Quinten Jakobs, the Dutch representative in this year’s IPSC, tells us about his experience
In February of this year we were assigned a project for English at school (Gymnasium Sorghvliet, Den Haag, NL). We had to give a five-minute speech and answer questions afterwards. I really enjoyed the project and giving the speech. It also went really well. When my teacher then told us about a national public speaking competition (GNE Awards by Nuffic) I immediately signed up.
It was then that I started to prepare for the first round of this Dutch national public speaking competition. I had to choose between six topics and decided to write my speech on the topic of ‘Is there a future for the EU?’ The first round was online and in a small room at school I gave my speech. I was waiting for the result with my teacher and friends and we all jumped
up when I was through to the national final.

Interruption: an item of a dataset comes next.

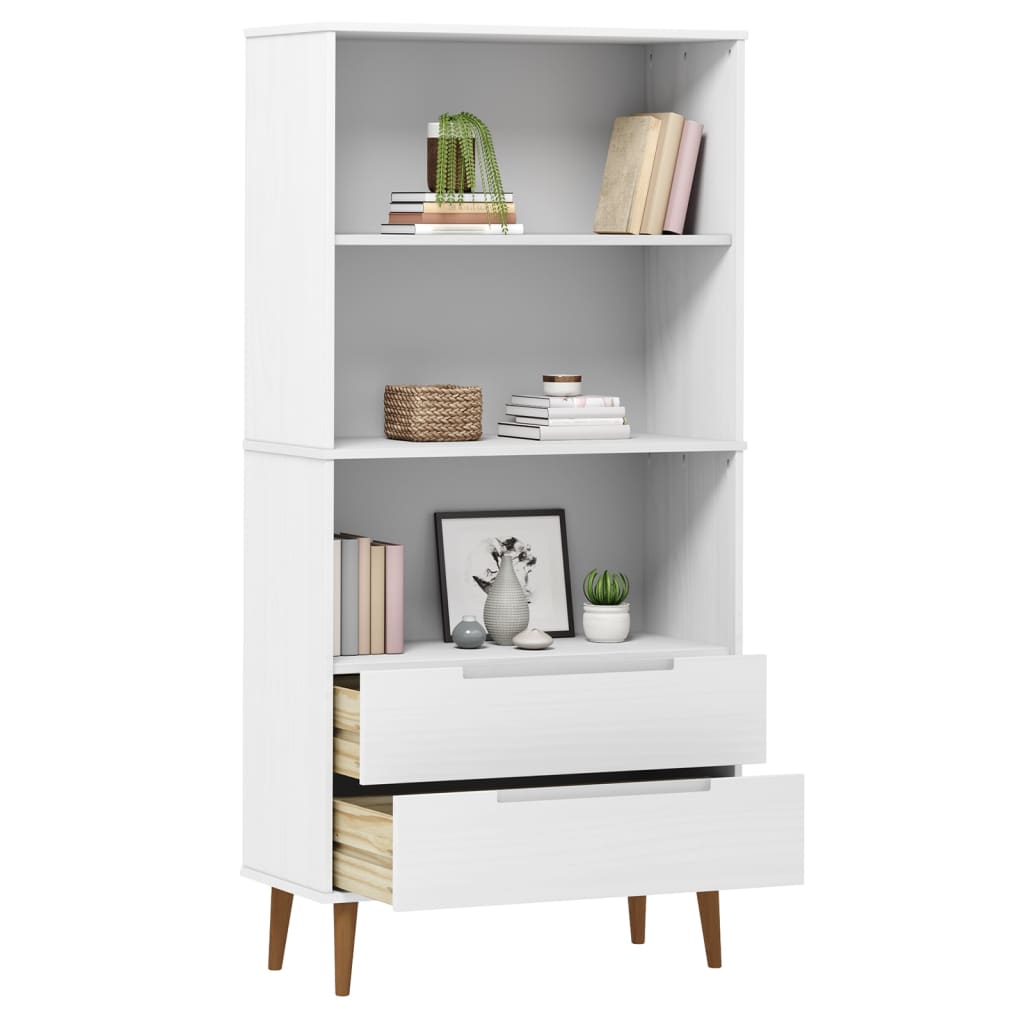 vidaXL Librería MOLDE madera maciza de pino blanco 85x35x170,5 cm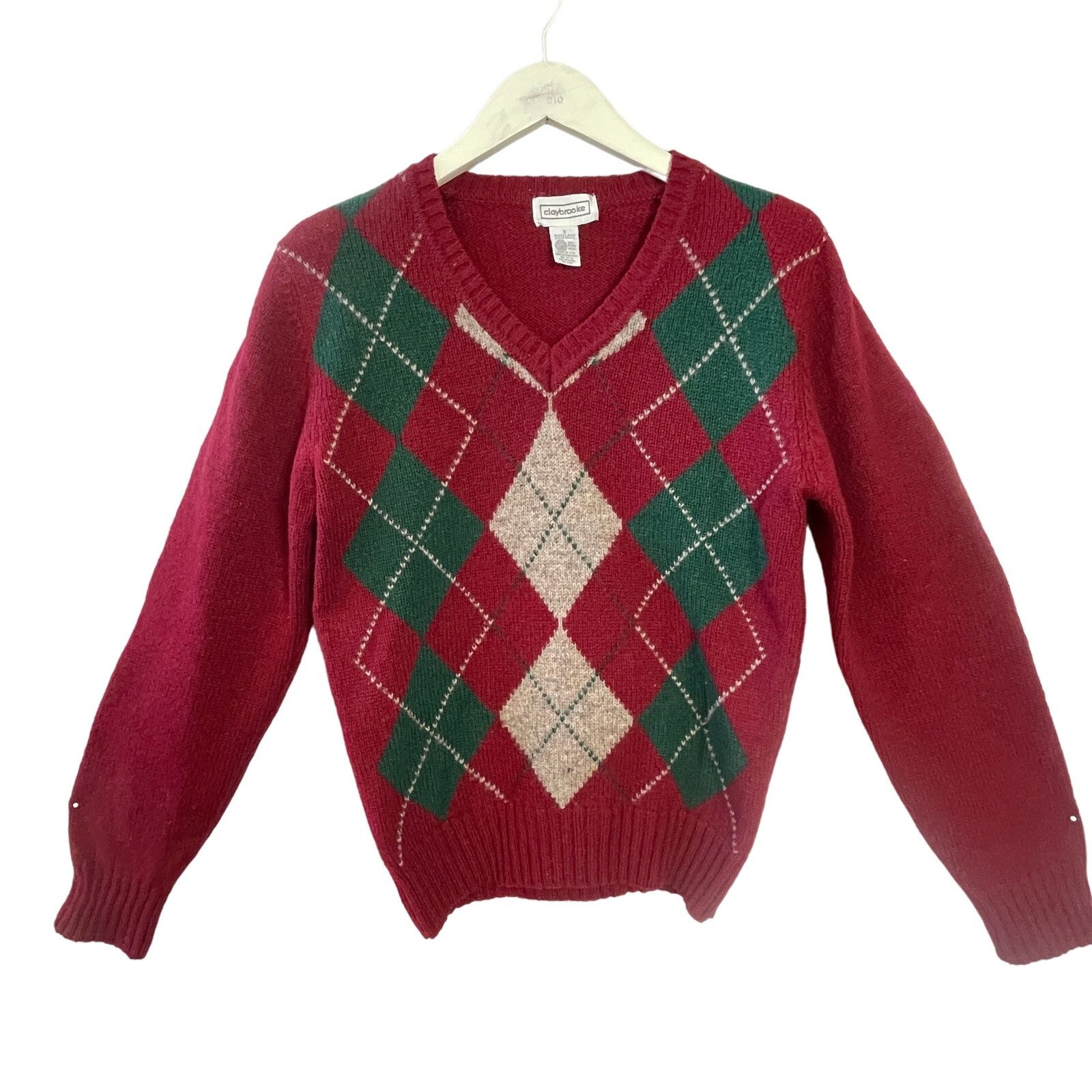 Vintage VINTAGE 80s Claybrooke Shetland Wool Argyle Sweater Size S Size US XS / EU 42 / 0 - 1 Thumbnail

Making it to the national final meant I had to give two speeches live on stage. Firstly, I had to redo my speech on ‘Is there a future for the EU?’ but the big surprise was that we also had to perform an impromptu speech. A few weeks before the final we had a great workshop given by Stephen McLaughlin. I started to learn more and more about public speaking. On the day of the final I was full of nerves. The rules for the impromptu were that we had 15 minutes to prepare on a topic (we could choose from 3 different topics) and afterwards we had to give a 3-5-minute speech and answer questions. I chose the topic ‘What we can learn from the pandemic’ and it went really well. The second speech I had to give was on the same topic as in the preliminary round, which also went great. I was really nervous waiting for the result as all the other competitors were really strong as well. When the judges came with the result, I was shocked and most of all really happy as I had won. I got the invitation to represent The Netherlands in the International Public Speaking Competition (IPSC) organised by the English-Speaking Union (ESU), which was a great honour for me. Due to the pandemic, the 2022 edition would be held online instead of in London. It involved an entire week of activities with my fellow competitors.
This is where things really started to get very serious. I had to write two speeches, one for the first heats and one for if I made it through to the Grand Final. The first speech was on the topic of ‘Our real choices are made without us realising it’. A very interesting topic. I got help from Ingrid de Beer (GNE Awards), my English teacher and my parents and wrote the
speech. The theme of the second speech was ‘We expect too much from our heroes.’ After many drafts and many hours of writing both speeches were finally done and it was time to prepare.
On Monday May 9, after a long anxious wait the very exciting week kicked off with a cultural exchange, online sessions in which candidates from 33 participating countries told about their country’s traditions, music, food, and beautiful sights. I presented something about my country, The Netherlands, and listened to all the interesting stories from other countries from all five continents around the world. We had great conversations and were able to ask each other questions on their views of the world and global issues. I then noticed that I was in a group full of inspiring young people.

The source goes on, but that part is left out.